В то время у генштабовских аналитиков особо острую неприязнь вызывала позиция руководства Министерства иностранных дел во главе с Андреем Козыревым. А то, что он расточал комплименты натовской Программе и изо всех сил подталкивал Ельцина к прорыву на этом важнейшем участке нашей международной политики, нередко вызывало у некоторых генштабовских офицеров уже не только неприязнь, но и откровенную злобу.
Хотя надо сказать, что были (да и сейчас есть) у нас на Арбате люди, которые считали высшим классом своей работы угодливое подстраивание военно-стратегических расчетов и планов под политические намерения Кремля и МИДа. Бывали случаи, когда в угоду конъюнктуре они спешно перелопачивали документы, выводы в которых менялись на противоположные. Такие хамелеоны уверенно держались на плаву и хорошо росли по службе. Однако я не знал ни одного такого полковника или генерала, которого уважали бы подчиненные и сослуживцы.
Однажды в Генштабе появился конфиденциальный документ, который произвел среди специалистов, курирующих проблему НАТО, фурор. То был доклад Службы внешней разведки России, посвященный отношениям Москвы с Североатлантическим альянсом и возможным последствиям расширения НАТО (в то время директором СВР был Евгений Примаков).

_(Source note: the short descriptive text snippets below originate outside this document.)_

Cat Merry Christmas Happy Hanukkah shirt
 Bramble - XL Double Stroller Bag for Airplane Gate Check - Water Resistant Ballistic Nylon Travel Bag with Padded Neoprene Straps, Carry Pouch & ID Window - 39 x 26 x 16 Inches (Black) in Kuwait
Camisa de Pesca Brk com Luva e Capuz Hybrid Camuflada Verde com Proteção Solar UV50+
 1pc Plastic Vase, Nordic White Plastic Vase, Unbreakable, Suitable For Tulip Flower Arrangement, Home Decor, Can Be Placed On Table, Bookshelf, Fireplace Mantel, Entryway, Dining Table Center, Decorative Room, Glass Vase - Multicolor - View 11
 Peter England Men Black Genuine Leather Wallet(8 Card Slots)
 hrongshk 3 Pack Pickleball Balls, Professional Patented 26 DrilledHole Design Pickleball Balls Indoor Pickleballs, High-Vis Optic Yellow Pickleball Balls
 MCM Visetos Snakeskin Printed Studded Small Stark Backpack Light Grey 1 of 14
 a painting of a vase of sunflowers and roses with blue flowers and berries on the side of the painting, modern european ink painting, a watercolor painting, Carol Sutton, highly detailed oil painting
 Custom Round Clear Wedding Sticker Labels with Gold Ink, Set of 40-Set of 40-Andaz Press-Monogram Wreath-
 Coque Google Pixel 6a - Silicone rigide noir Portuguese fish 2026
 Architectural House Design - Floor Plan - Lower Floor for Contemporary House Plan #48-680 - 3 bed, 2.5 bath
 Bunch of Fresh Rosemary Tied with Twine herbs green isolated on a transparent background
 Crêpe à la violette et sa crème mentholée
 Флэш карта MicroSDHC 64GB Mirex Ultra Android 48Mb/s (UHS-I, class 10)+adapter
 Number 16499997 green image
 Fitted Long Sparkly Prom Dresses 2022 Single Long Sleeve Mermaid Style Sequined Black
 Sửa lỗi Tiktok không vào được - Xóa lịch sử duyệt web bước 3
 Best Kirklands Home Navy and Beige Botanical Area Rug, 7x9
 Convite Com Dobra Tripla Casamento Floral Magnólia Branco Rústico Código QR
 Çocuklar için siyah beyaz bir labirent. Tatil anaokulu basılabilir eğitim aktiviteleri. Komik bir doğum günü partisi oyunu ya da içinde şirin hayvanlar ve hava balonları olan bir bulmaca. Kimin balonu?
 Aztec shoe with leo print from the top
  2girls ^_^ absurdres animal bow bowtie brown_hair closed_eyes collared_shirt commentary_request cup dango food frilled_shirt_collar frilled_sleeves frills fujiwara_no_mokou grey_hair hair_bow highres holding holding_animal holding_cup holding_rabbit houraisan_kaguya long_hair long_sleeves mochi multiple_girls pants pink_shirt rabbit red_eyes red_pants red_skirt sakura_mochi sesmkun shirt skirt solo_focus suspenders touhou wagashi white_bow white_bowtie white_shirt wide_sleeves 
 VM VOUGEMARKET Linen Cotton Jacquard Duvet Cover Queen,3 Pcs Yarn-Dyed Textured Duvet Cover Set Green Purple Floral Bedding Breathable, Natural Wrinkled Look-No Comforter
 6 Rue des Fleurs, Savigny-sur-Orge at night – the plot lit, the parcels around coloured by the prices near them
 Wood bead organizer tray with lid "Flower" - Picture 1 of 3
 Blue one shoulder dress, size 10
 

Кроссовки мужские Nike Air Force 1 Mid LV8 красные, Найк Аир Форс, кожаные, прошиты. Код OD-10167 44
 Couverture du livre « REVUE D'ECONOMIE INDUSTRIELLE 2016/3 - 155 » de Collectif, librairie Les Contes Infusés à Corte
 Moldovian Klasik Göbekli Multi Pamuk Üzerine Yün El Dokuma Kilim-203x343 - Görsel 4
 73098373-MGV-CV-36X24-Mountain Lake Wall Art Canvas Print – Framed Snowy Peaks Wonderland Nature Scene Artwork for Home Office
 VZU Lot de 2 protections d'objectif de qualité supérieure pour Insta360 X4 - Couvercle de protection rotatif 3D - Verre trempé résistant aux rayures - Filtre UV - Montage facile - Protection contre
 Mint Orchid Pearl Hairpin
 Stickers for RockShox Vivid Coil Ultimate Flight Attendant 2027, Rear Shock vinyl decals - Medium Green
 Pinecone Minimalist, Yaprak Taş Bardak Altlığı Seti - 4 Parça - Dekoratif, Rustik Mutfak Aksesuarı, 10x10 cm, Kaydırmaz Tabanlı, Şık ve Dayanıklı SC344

Документ этот быстро стал в Генштабе бестселлером, и офицеры даже установили очередность знакомства с ним. Я был поражен предельно смелыми, лишенными всякой политической конъюнктурщины выводами наших разведчиков. Было такое ощущение, что мне дали выпить родниковой воды.
Но самым интригующим, пожалуй, было то, что доклад СВР по многим позициям принципиально расходился с «ватными» и невнятными позициями МИДа. В нем четко и жестко формулировались стратегические интересы России, от которых мы ни при каком развитии событий не должны отступать. В то же время в документе не было тупой ортодоксальной прямолинейности, лишающей нас маневра и многовариантности действий.